I encountered a similar problem: I could create a cluster of 3 Consul servers (DigitalOcean machines, Consul server running as gliderlabs/consul-server Docker image), the nodes could see each other and elect a leader, but would fail right after election.

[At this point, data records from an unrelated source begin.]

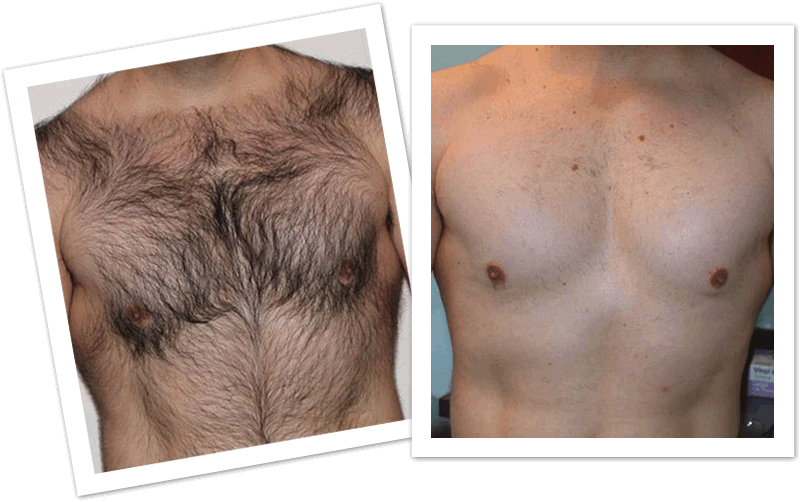 Download Chest Hair Png Picture Transparent Before And After Body Wax Full Size Png Image Pngkit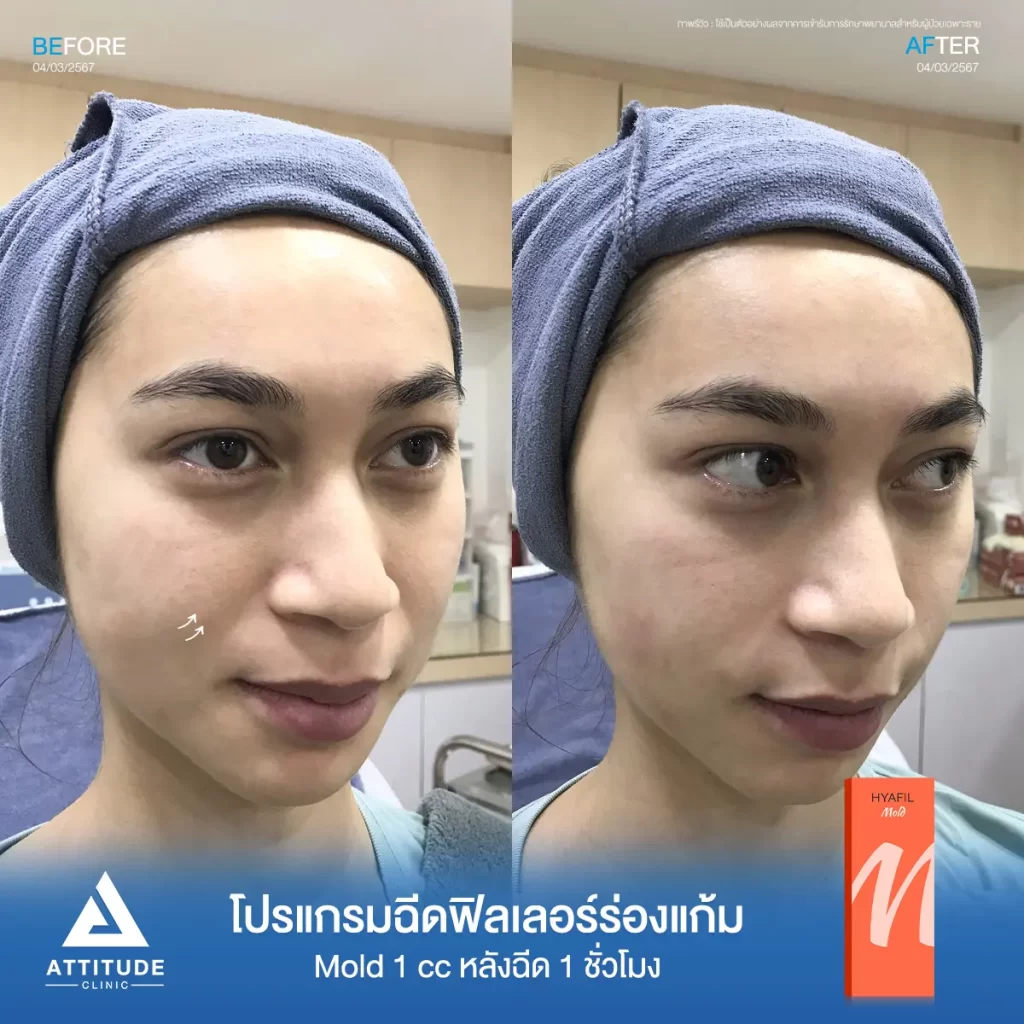 รีวิวโปรแกรมฉีดฟิลเลอร์ร่องแก้มคุณปารณีย์ รุ่น M จำนวน 1 cc หลังฉีด 1 ชั่วโมง ของคุณปารณีย์ เติมร่องแก้มให้อิ่มฟู ดูเต็มขึ้น แก้หน้าโทรมให้ดูสดใส ดูเป็นธรรมชาติที่ Attitude Clinic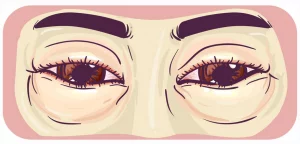 Despídete de los puffy eyes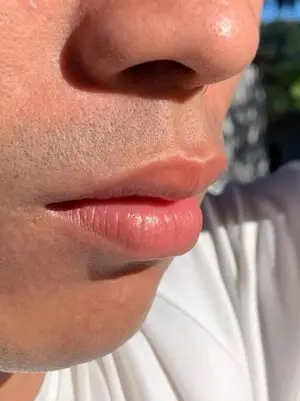 Male Dark Spot Lip Removal
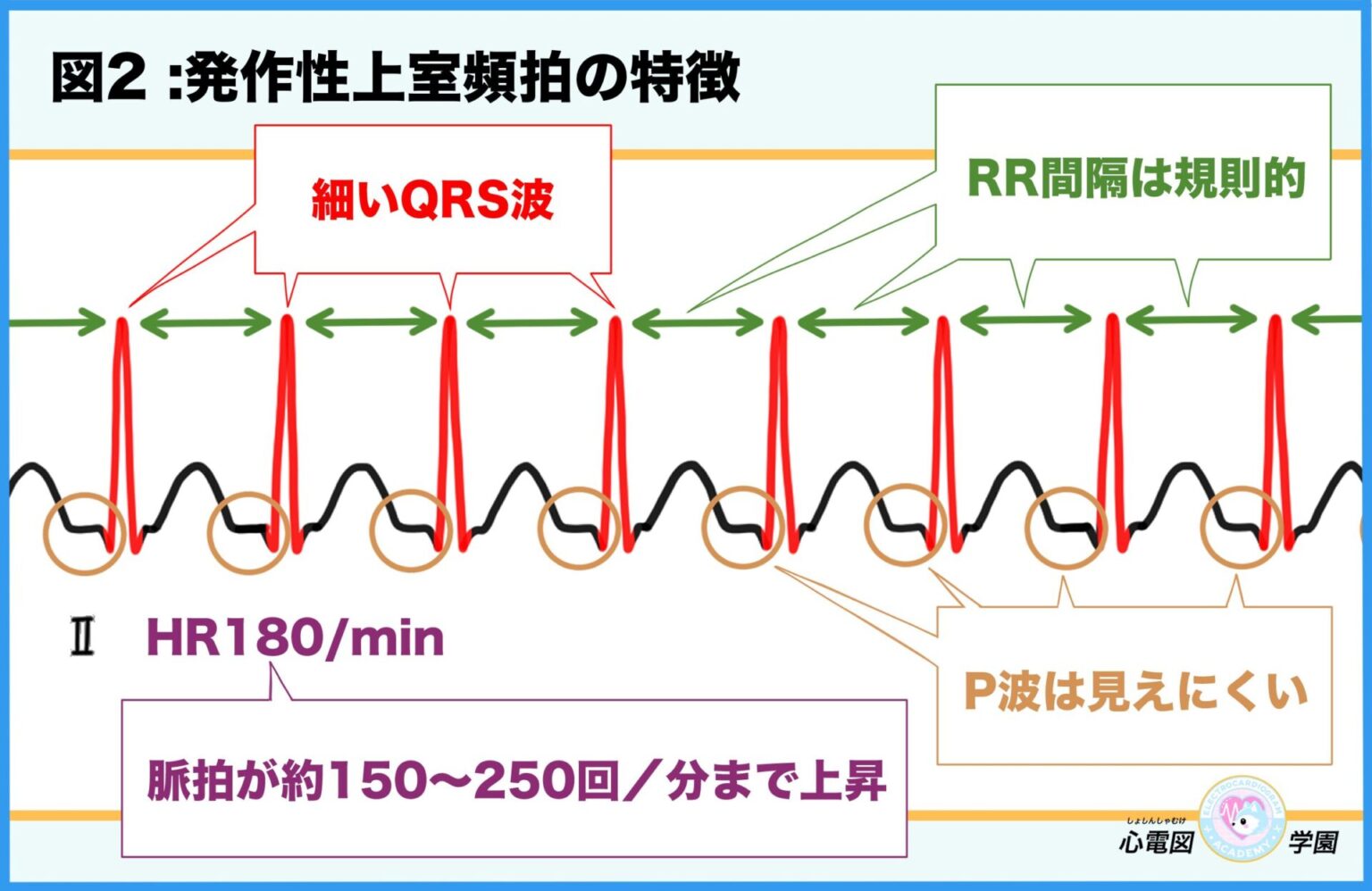 【初心者向け】これでなっとく！発作性上室性頻拍（PSVT）の見分け方 – 心電図学園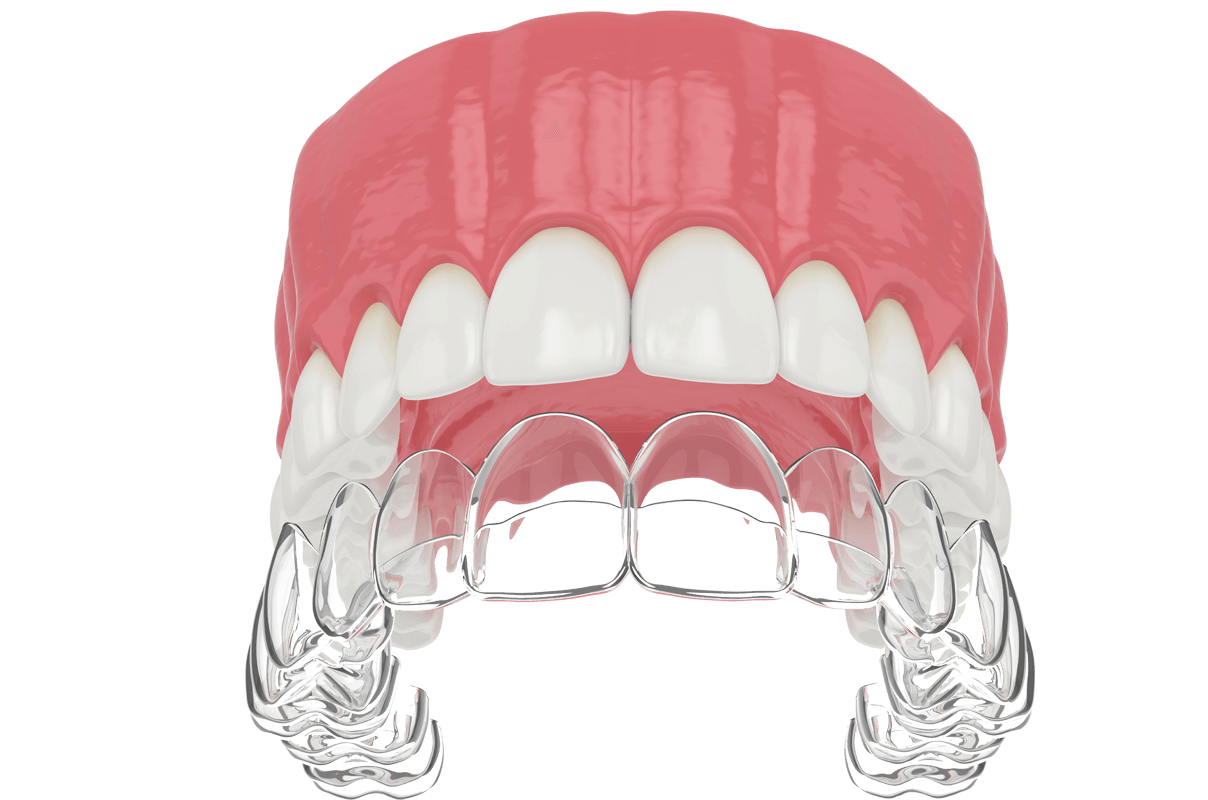 aligner-2 - orthoclear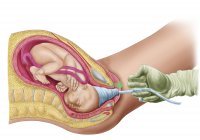 Медицинская иллюстрация родов плода с помощью вакуумной экстракции — стоковое фото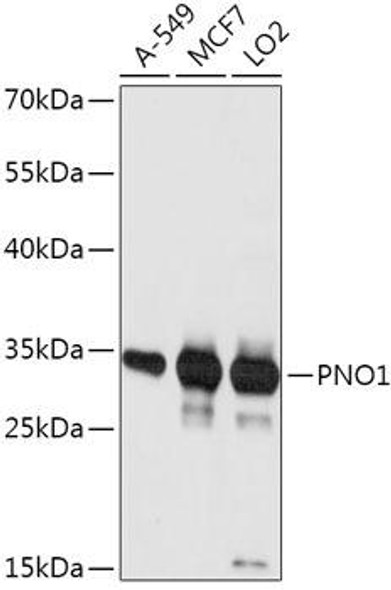 Cell Biology Antibodies 13 Anti-PNO1 Antibody CAB17736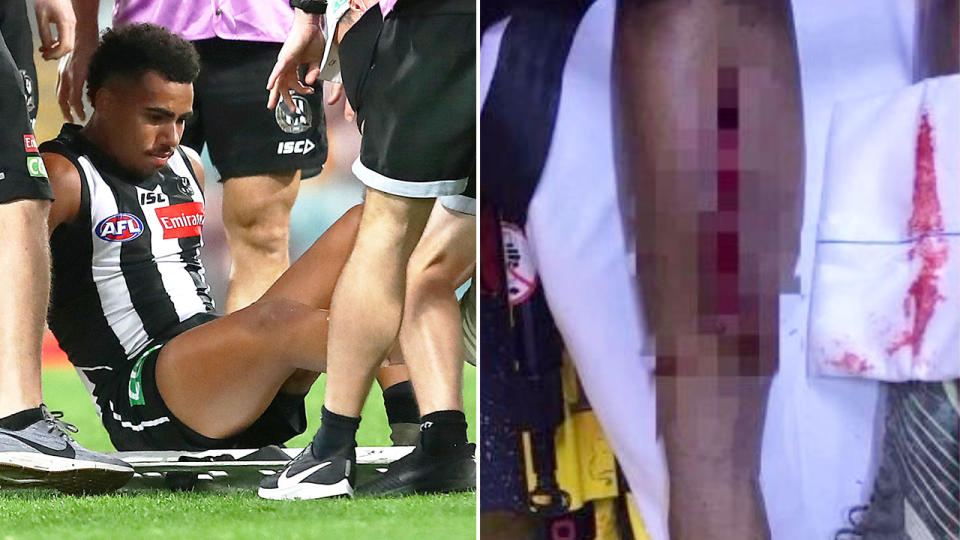 Seen here, Isaac Quaynor and the horrific leg injury he suffered against Sydney.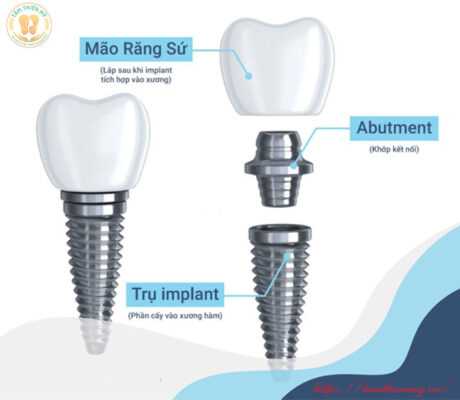 giá trồng răng Implant
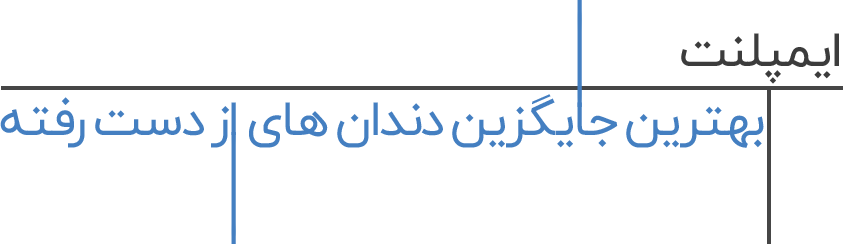 ایمپلنت شهریار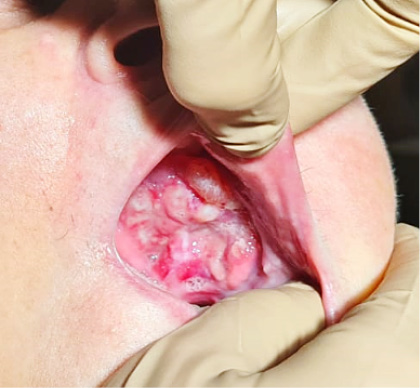 Splot Batsona - aspekty kliniczne i anatomiczne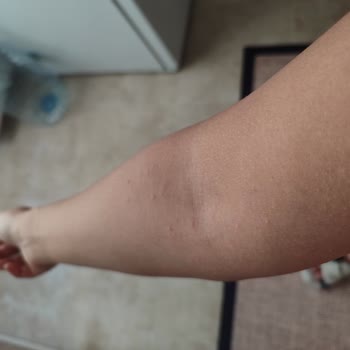 Bioblas Siyah Sarımsak Özlü Şampuan Alerji Yapıyor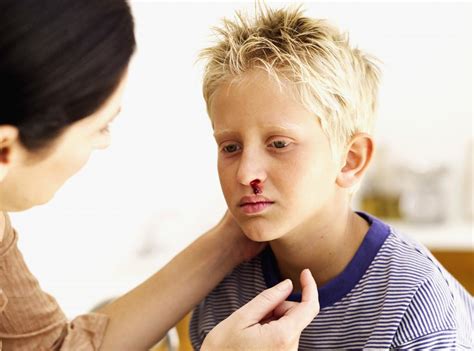 Nosebleeds in children: When to see a doctor, causes, and prevention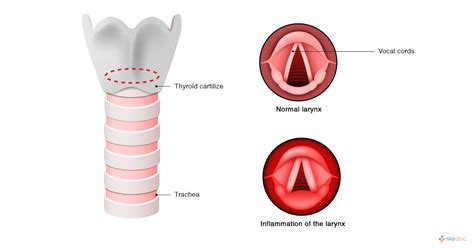 Laryngitis Types Symptoms Causes And Treatment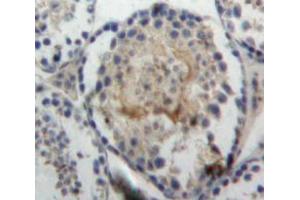 Used in DAB staining on fromalin fixed paraffin-embedded Testis tissue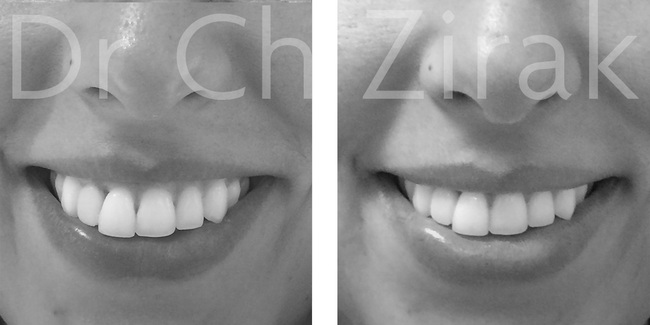 La toxine botulinique (Botox©)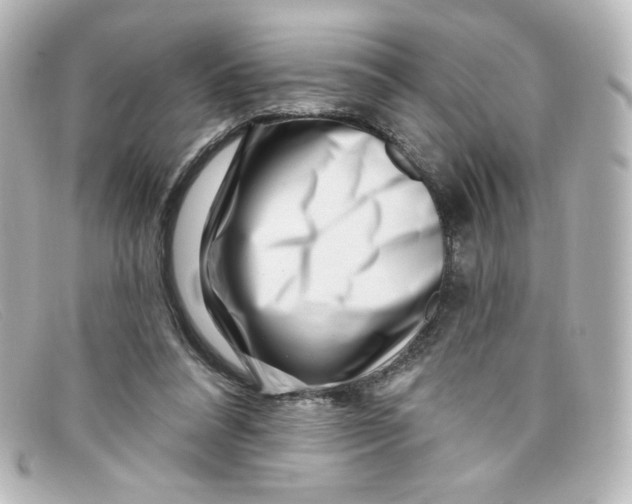 X0000098150304200805081048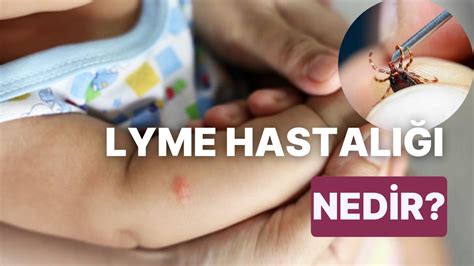 Lyme Hastal Nedir Lyme Hastal N N Belirtileri Nelerdir Nas L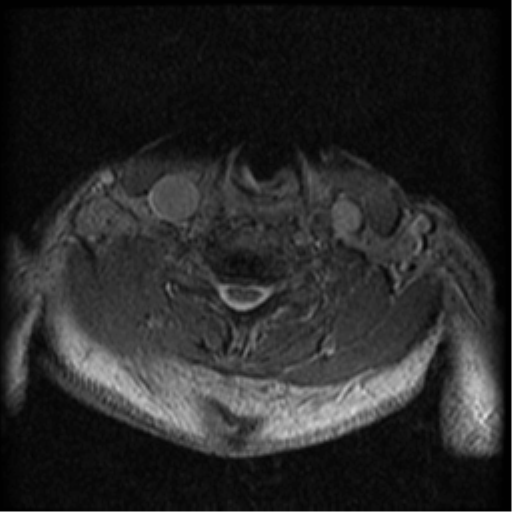 Cervical canal stenosis with cord compression (Radiopaedia 34114-35374 Axial Gradient Echo 32).png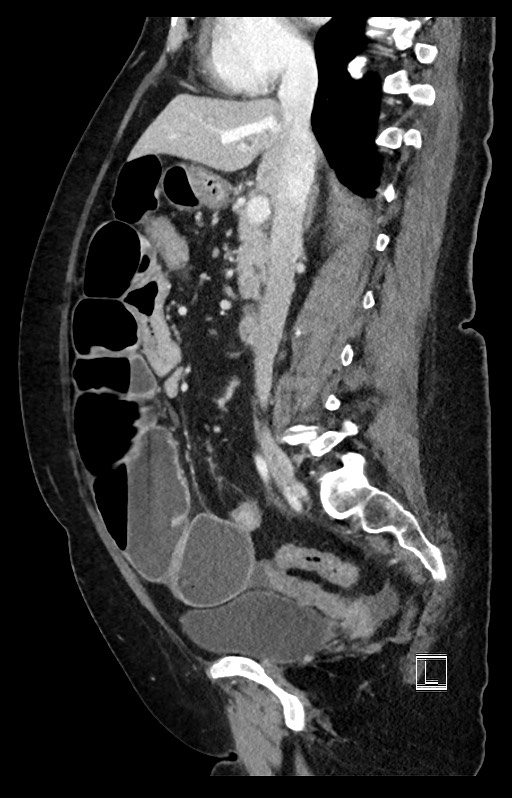 Active Crohn disease (Radiopaedia 59394-66750 Sagittal C+ portal venous phase 33).jpg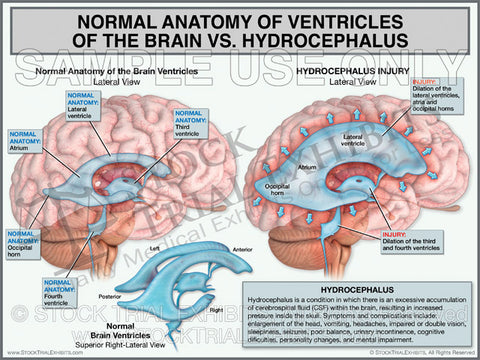 Brain Ventricles Anatomy vs. Hydrocephalus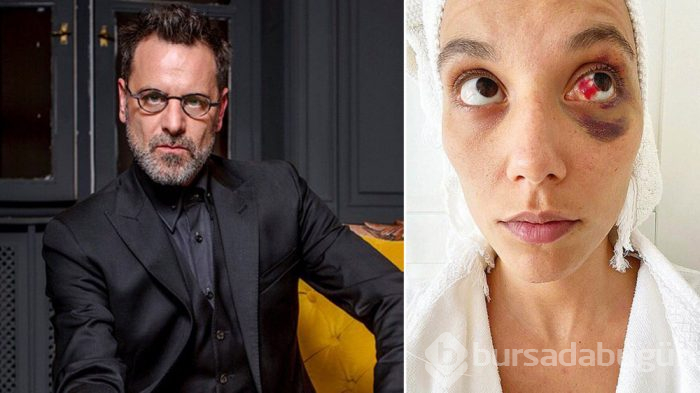 Serenay Sarıkaya'nın sessizliği Deniz Bulutsuz ile olan arkadaşlığını bitirdi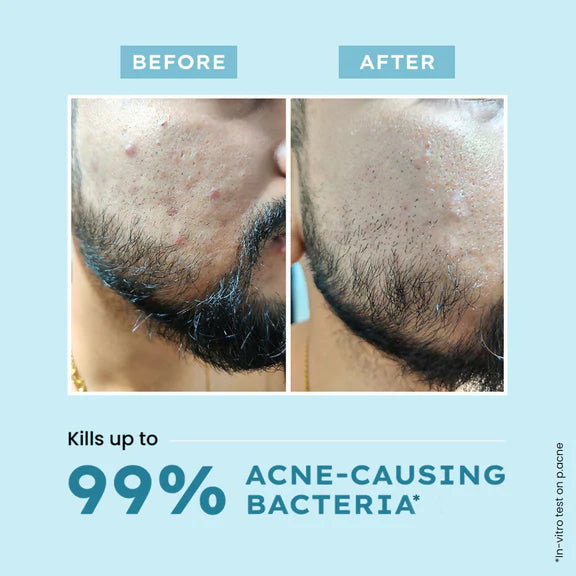 Hyphen By Kriti Sanon Clarifying Acne Cleanser With 2% Salicylic Acid, Anti-Acne Face Wash For Oil Control - 100 ml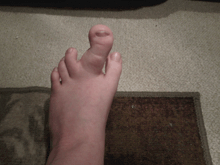 a close up of a person 's foot with a toe missing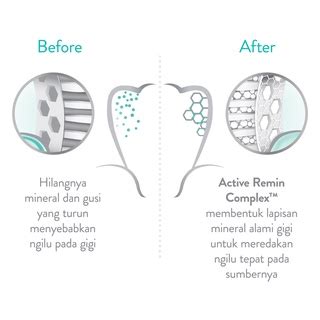 Jual Pepsodent Sensitive Mineral Expert Pasta Gigi Sensitivity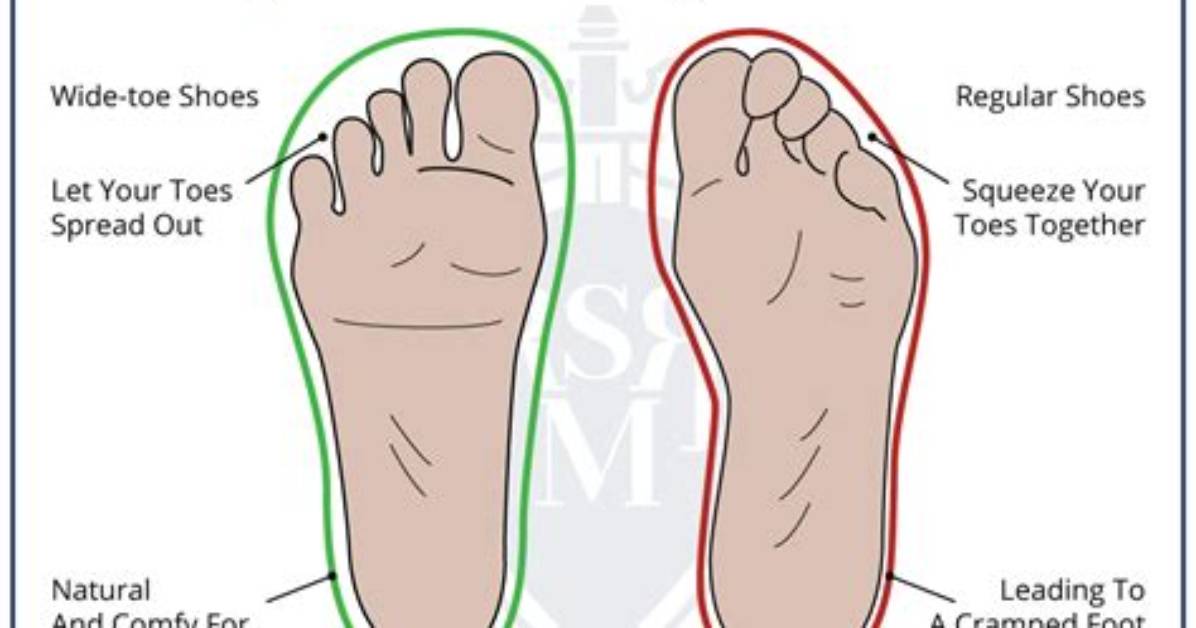 What Does Toe Shoe Mean?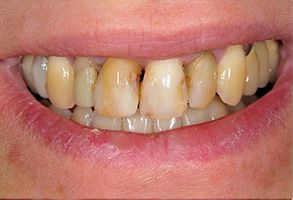 Mark G. Womack, DDS | Wisdom Teeth Removal, Ridge Augmentation and Jaw Bone Loss and Deterioration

2015/09/13 18:41:07 [INFO] consul: Attempting bootstrap with nodes: [<server-1-ip>:8300 <server-2-ip>:8300 <server-3-ip>:8300]
    2015/09/13 18:41:07 [WARN] raft: Heartbeat timeout reached, starting election
    2015/09/13 18:41:07 [INFO] raft: Node at <server-1-ip>:8300 [Candidate] entering Candidate state
    2015/09/13 18:41:07 [INFO] raft: Election won. Tally: 2
    2015/09/13 18:41:07 [INFO] raft: Node at <server-1-ip>:8300 [Leader] entering Leader state
    2015/09/13 18:41:07 [INFO] consul: cluster leadership acquired
    2015/09/13 18:41:07 [INFO] consul: New leader elected: consul-web4
    2015/09/13 18:41:07 [INFO] raft: pipelining replication to peer <server-3-ip>:8300
    2015/09/13 18:41:07 [INFO] consul: member 'consul-web4' joined, marking health alive
    2015/09/13 18:41:08 [WARN] raft: Remote peer <server-2-ip>:8300 does not have local node <server-1-ip>:8300 as a peer
    2015/09/13 18:41:08 [INFO] consul: member 'consul-web3' joined, marking health alive
    2015/09/13 18:41:08 [INFO] raft: pipelining replication to peer <server-2-ip>:8300
    2015/09/13 18:41:08 [INFO] agent: Synced service 'consul'
    2015/09/13 18:41:09 [INFO] memberlist: Suspect consul-web2 has failed, no acks received


    2015/09/13 18:41:11 [INFO] memberlist: Suspect consul-web2 has failed, no acks received
    2015/09/13 18:41:12 [INFO] memberlist: Suspect consul-web3 has failed, no acks received
    2015/09/13 18:41:13 [INFO] memberlist: Suspect consul-web2 has failed, no acks received
    2015/09/13 18:41:14 [INFO] memberlist: Suspect consul-web3 has failed, no acks received
    2015/09/13 18:41:14 [INFO] memberlist: Marking consul-web2 as failed, suspect timeout reached
    2015/09/13 18:41:14 [INFO] serf: EventMemberLeave: consul-web2 <server-3-ip>
    2015/09/13 18:41:14 [INFO] consul: removing server consul-web2 (Addr: <server-3-ip>:8300) (DC: dc1)
    2015/09/13 18:41:14 [INFO] raft: Removed peer <server-3-ip>:8300, stopping replication (Index: 8)
    2015/09/13 18:41:14 [INFO] consul: removed server 'consul-web2' as peer
    2015/09/13 18:41:14 [INFO] consul: member 'consul-web2' left, deregistering

I had exposed the appropriate ports in docker-compose.yml:

ports:
    - "8400:8400"
    - "8500:8500"
    - "8301:8301"
    - "8302:8302"
    - "8300:8300"
    - "8600:8600"

...but this did not seem to work. Explicitly defining tcp/udp ports as @ChristianKniep suggested did the trick:

ports:
      - "8300:8300"
      - "8301:8301/tcp"
      - "8301:8301/udp"
      - "8302:8302/tcp"
      - "8302:8302/udp"
      - "8400:8400"
      - "8500:8500"
      - "8600:8600"

 2015/09/13 18:45:22 [INFO] raft: Election won. Tally: 2
    2015/09/13 18:45:22 [INFO] raft: Node at <server-1-ip>:8300 [Leader] entering Leader state
    2015/09/13 18:45:22 [INFO] consul: cluster leadership acquired
    2015/09/13 18:45:22 [INFO] consul: New leader elected: consul-web4
    2015/09/13 18:45:22 [INFO] raft: pipelining replication to peer <server-1-ip>:8300
    2015/09/13 18:45:22 [INFO] consul: member 'consul-web4' joined, marking health alive
    2015/09/13 18:45:22 [INFO] raft: pipelining replication to peer <server-2-ip>:8300
    2015/09/13 18:45:22 [INFO] consul: member 'consul-web3' joined, marking health alive
    2015/09/13 18:45:22 [INFO] consul: member 'consul-web2' joined, marking health alive
    2015/09/13 18:45:22 [INFO] agent: Synced service 'consul'

This might be due to the fact that by default, Docker only exposes a TCP port, so you need to expose each port twice, but with different protocol switches.